Suppose you have a bunch of latitude, longitude geocoordinates.

If you want to calculate the density of the bounding box that fits around your geocoordinates, then make one O(N) pass through your data set and determine the geocoordinates of the corners.
Once you find them, use the Haversine formula (Java implementation here) to calculate the length of the edges between two corners. Be sure to consistently choose either miles or kilometers for your unit of distance. After you compute the edge distances, you can compute the box's area in units of km^2 or miles^2. From there, compute the density as number of points divided by the area.

If you want to make an ad hoc query for the density around a single target point, then choose a radius R in miles or km. Make one O(N) pass through the data set, and compute the Haversine distance between your target point and every other point. If the other point is within distance R to your target, then add it to a result list. Then compute the density as the number of points within the circle defined by the radius.

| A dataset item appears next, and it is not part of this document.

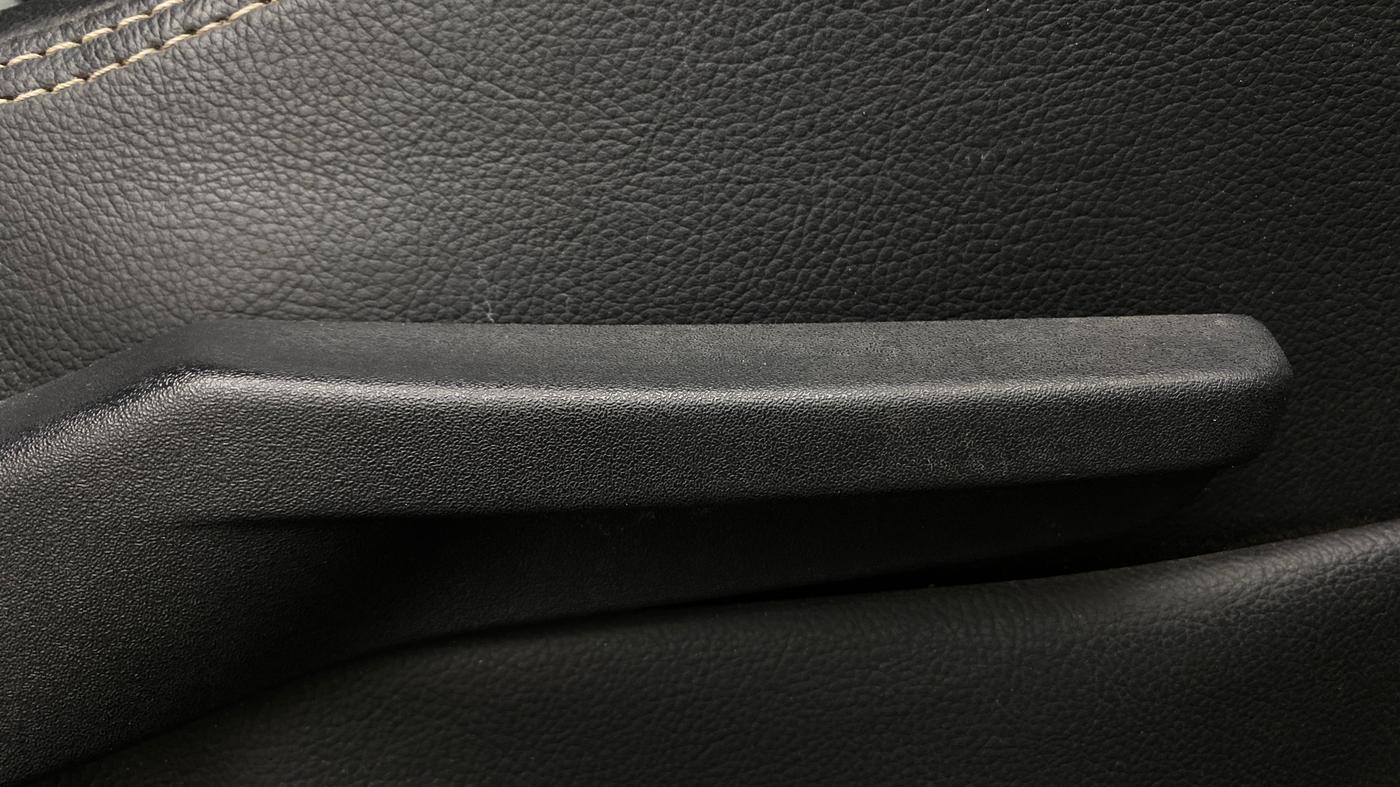 2016 Maruti Baleno ALPHA DIESEL 1.3, Diesel, Manual, 94,863 km, Driver Side Adjustment Panel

If you make a lot of these types of queries, then precompute a spatial indexing data structure. Popular indexes are R-Trees, R*-Trees, and k-d Trees. Below is a picture of an R-Tree from Wikipedia. The tree decomposes the space into rectangular regions so you can query for points quickly.

If your points can fit into memory, then use an open-source library that implements one of these data structures. Here is a link to one library called rtree that I found that allows you to find all points within some radius. I have not personally used that library.
If your points do not fit into memory, then you can use an SQL database. For example, Oracle Spatial implements these types of data structures.